> _Dataset content_
___
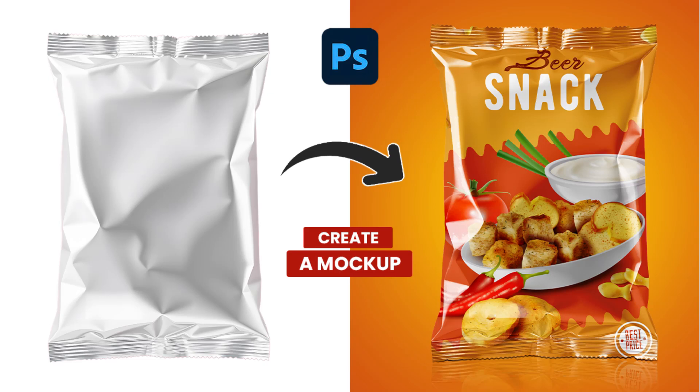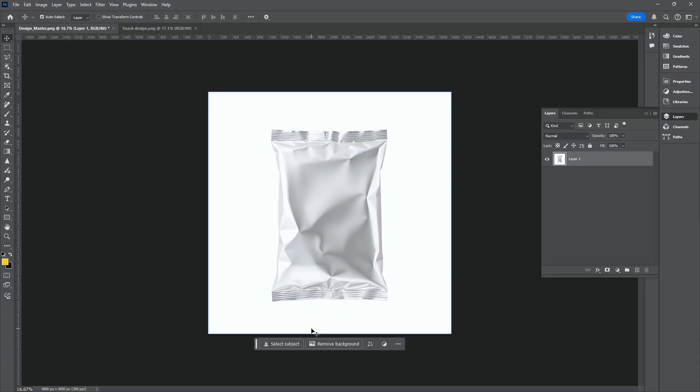Hello guys. Today I am going to show you how to create a packaging mock-up in Photoshop.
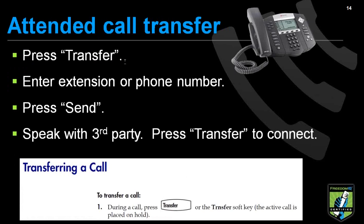For an attended call transfer, you start with a live call, press transfer, and enter the extension or phone number — just like in the last step, but instead of pressing blind, you simply hit send. The third party answers, and once they're available or they accept the transfer, you can simply press transfer to connect. At that point, all three of you are connected and can speak. When you're ready to hang up, the person you transferred to will be speaking with the caller.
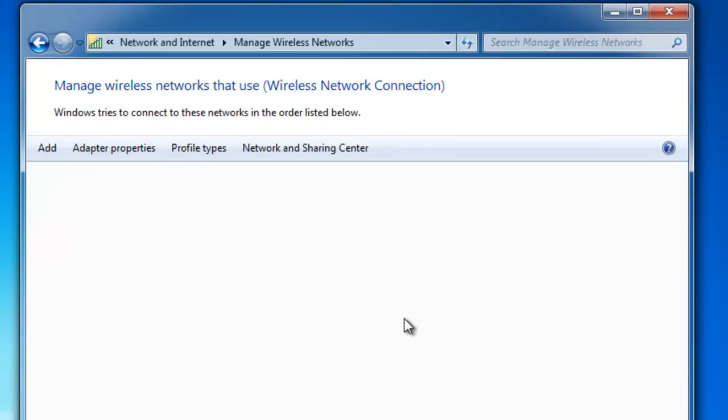That's now removed it from the network list. All I need to do now is just close this window by clicking the cross in the top right hand corner.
___
Output the data above exactly; pictures do not belong in the copy.

> _Task response_
Hello guys. Today I am going to show you how to create a packaging mock-up in Photoshop.
For an attended call transfer, you start with a live call, press transfer, and enter the extension or phone number — just like in the last step, but instead of pressing blind, you simply hit send. The third party answers, and once they're available or they accept the transfer, you can simply press transfer to connect. At that point, all three of you are connected and can speak. When you're ready to hang up, the person you transferred to will be speaking with the caller.
That's now removed it from the network list. All I need to do now is just close this window by clicking the cross in the top right hand corner.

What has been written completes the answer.